• [Required action] Directions for the data below: repeat exactly the lines from the one with "used 2024 Ford Edge car, priced at $23,488" through the one with "Winstons War 25", both included, and omit all pictures.

• [Material supplied]
----

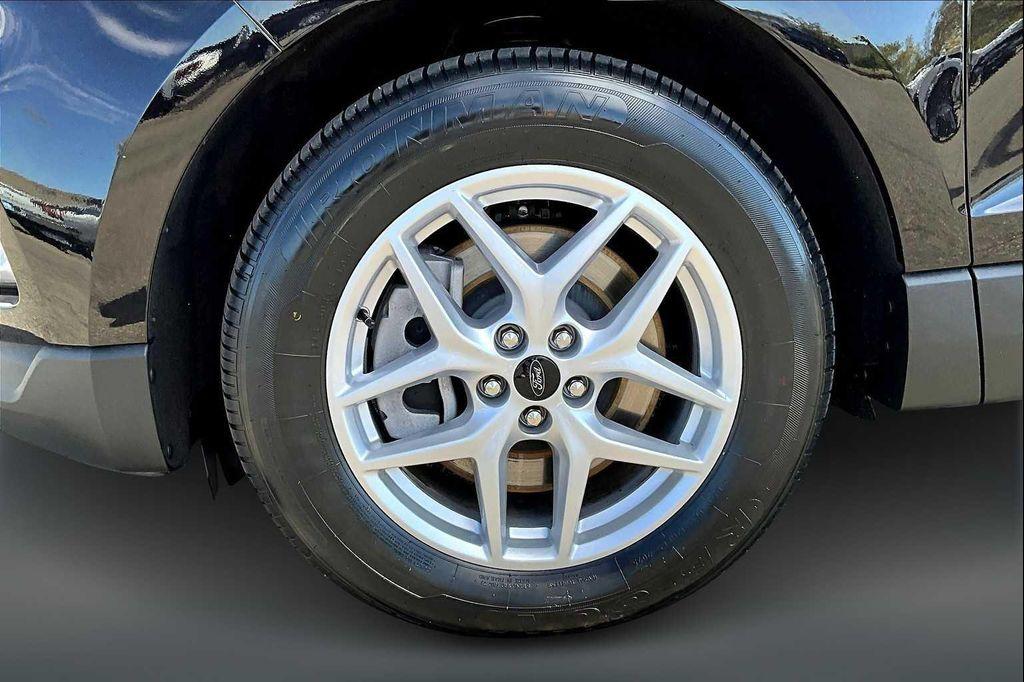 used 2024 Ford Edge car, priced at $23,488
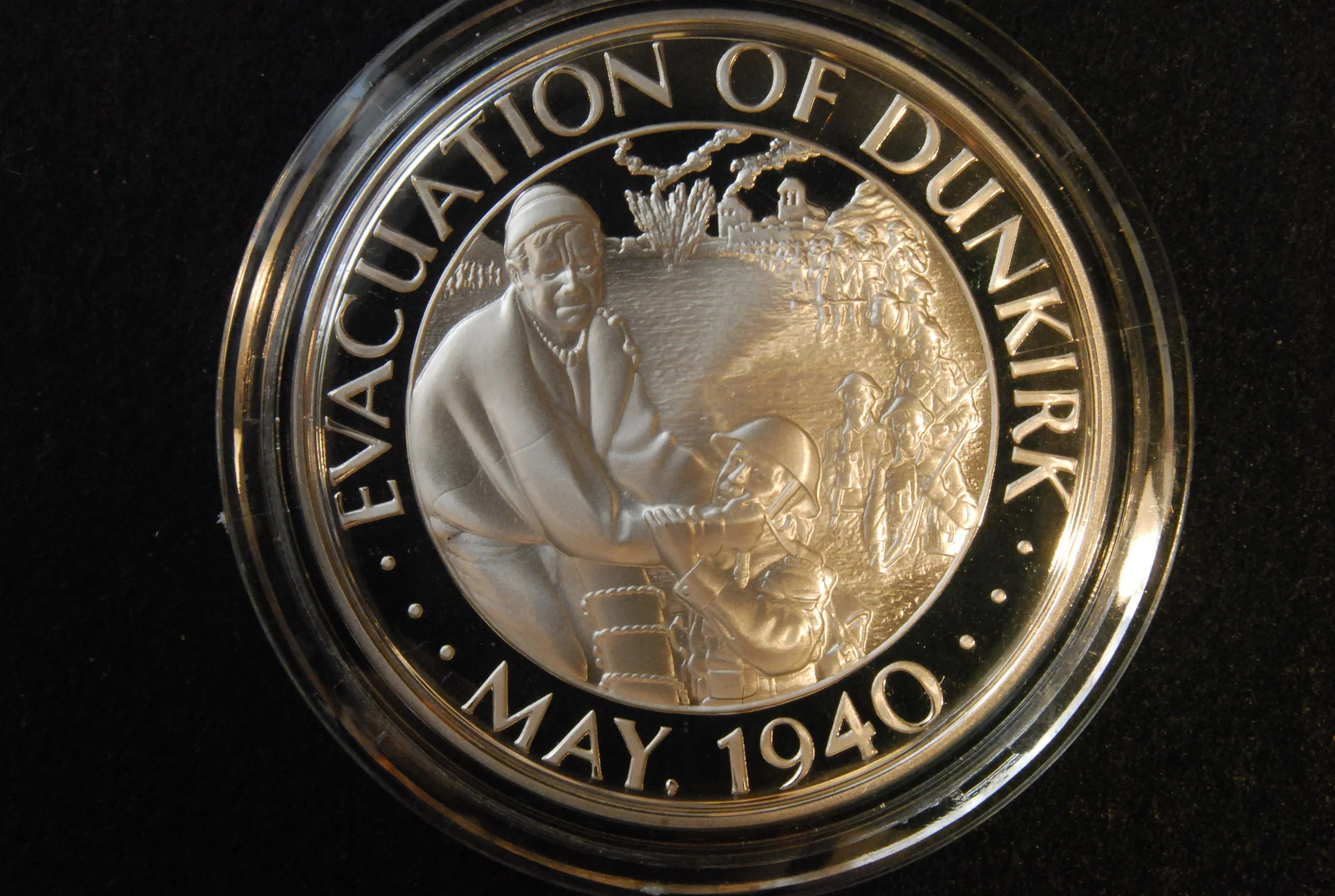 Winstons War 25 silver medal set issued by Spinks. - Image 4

----

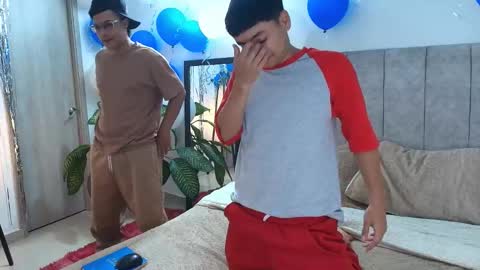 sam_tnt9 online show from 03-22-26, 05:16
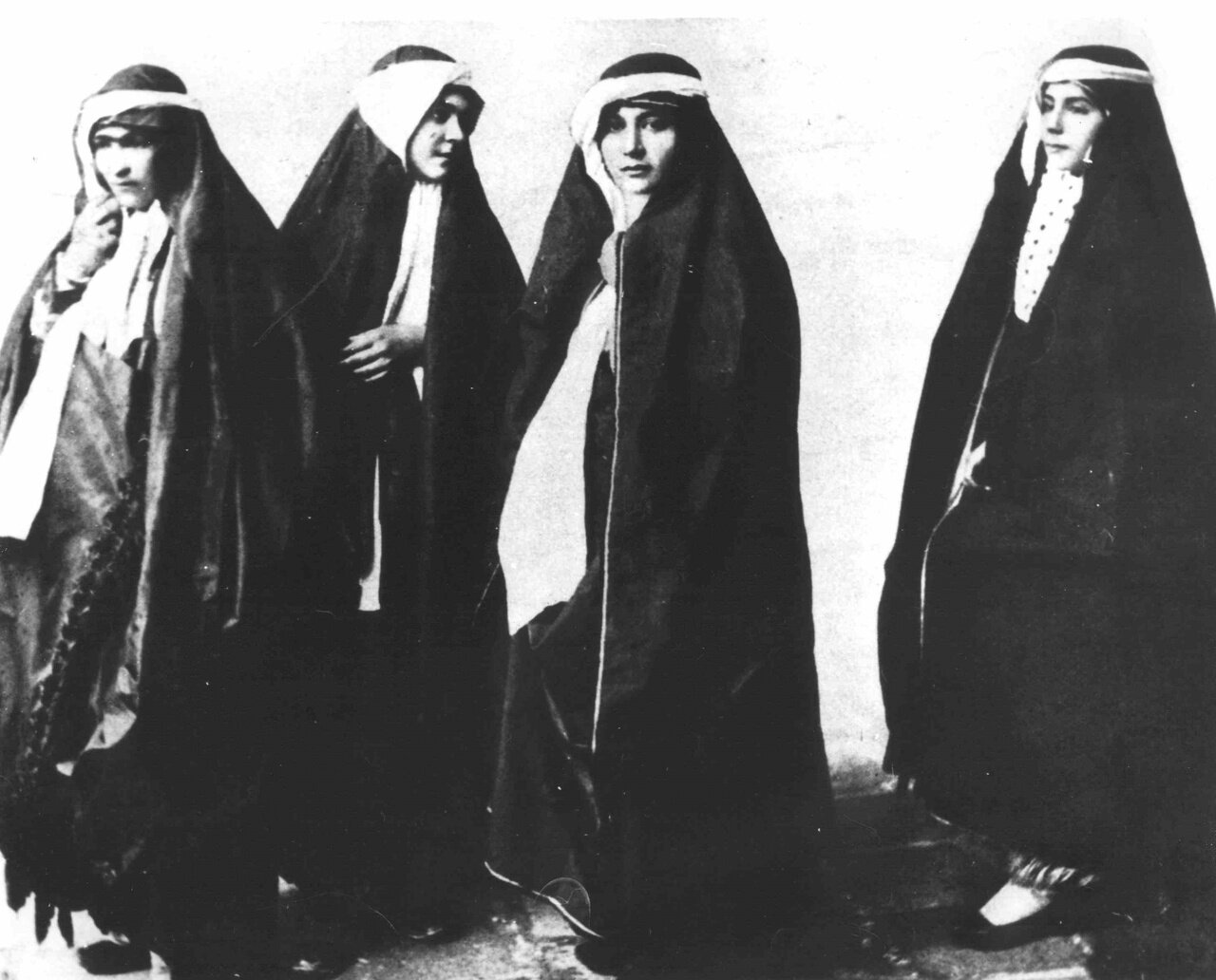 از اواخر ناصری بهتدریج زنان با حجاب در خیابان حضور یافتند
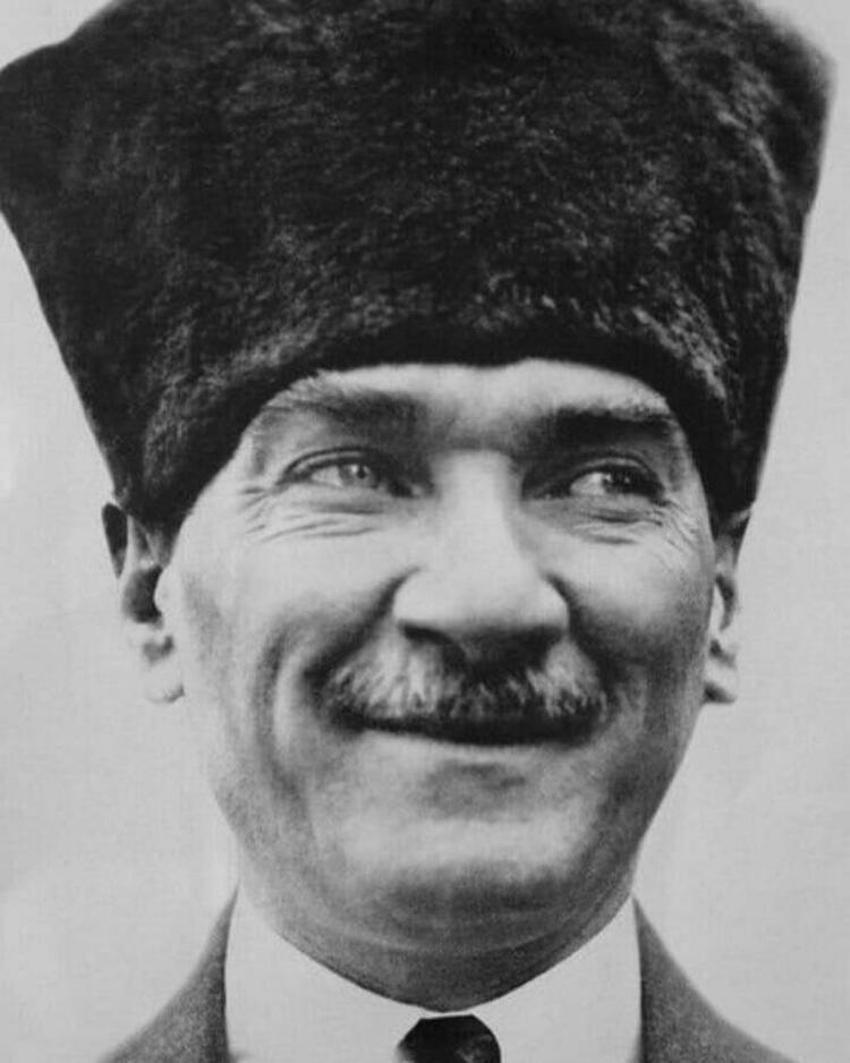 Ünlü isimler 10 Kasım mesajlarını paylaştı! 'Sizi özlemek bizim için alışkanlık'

----

• [Response to the exercise]
 used 2024 Ford Edge car, priced at $23,488
 Winstons War 25 silver medal set issued by Spinks. - Image 4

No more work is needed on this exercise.